TASK PROMPT => Review the material line by line. Identify and copy every line that contains the string "Cytokeratin".
# # #
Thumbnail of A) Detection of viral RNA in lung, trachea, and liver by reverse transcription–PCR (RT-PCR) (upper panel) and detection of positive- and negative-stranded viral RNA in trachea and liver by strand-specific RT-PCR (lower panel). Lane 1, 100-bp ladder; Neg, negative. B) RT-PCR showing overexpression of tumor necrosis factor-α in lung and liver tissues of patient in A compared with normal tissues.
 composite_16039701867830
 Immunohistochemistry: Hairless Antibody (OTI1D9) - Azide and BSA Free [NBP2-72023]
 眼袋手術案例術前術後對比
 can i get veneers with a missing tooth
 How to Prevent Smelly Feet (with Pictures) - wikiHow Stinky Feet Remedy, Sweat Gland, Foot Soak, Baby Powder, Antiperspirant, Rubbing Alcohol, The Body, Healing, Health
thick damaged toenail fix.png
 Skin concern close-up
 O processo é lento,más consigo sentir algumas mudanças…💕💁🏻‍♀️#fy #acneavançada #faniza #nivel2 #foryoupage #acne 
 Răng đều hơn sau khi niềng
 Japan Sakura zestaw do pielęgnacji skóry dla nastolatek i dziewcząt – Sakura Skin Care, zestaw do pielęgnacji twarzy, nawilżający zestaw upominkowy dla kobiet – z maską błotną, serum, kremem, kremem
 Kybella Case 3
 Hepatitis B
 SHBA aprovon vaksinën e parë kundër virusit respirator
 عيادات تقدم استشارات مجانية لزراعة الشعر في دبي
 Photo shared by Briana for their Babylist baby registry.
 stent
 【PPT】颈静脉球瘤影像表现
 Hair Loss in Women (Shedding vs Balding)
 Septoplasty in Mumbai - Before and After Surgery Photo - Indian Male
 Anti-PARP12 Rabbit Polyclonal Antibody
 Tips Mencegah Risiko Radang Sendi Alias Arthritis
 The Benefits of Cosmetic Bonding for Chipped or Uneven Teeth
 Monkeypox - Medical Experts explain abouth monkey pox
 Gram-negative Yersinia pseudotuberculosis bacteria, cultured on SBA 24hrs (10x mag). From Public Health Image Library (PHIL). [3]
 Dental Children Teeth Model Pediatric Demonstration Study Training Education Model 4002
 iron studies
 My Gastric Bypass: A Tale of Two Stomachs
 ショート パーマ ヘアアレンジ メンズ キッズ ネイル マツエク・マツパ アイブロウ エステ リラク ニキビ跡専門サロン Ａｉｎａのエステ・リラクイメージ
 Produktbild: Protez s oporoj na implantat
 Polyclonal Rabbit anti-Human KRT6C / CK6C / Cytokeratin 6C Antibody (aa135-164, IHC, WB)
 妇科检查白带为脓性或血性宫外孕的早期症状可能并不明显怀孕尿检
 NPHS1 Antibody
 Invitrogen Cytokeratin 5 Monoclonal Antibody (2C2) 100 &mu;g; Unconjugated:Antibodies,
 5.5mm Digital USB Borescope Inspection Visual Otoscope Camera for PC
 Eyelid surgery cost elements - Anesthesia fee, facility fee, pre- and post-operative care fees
# # #
EXPECTED OUTPUT =>
 Polyclonal Rabbit anti-Human KRT6C / CK6C / Cytokeratin 6C Antibody (aa135-164, IHC, WB)
 Invitrogen Cytokeratin 5 Monoclonal Antibody (2C2) 100 &mu;g; Unconjugated:Antibodies,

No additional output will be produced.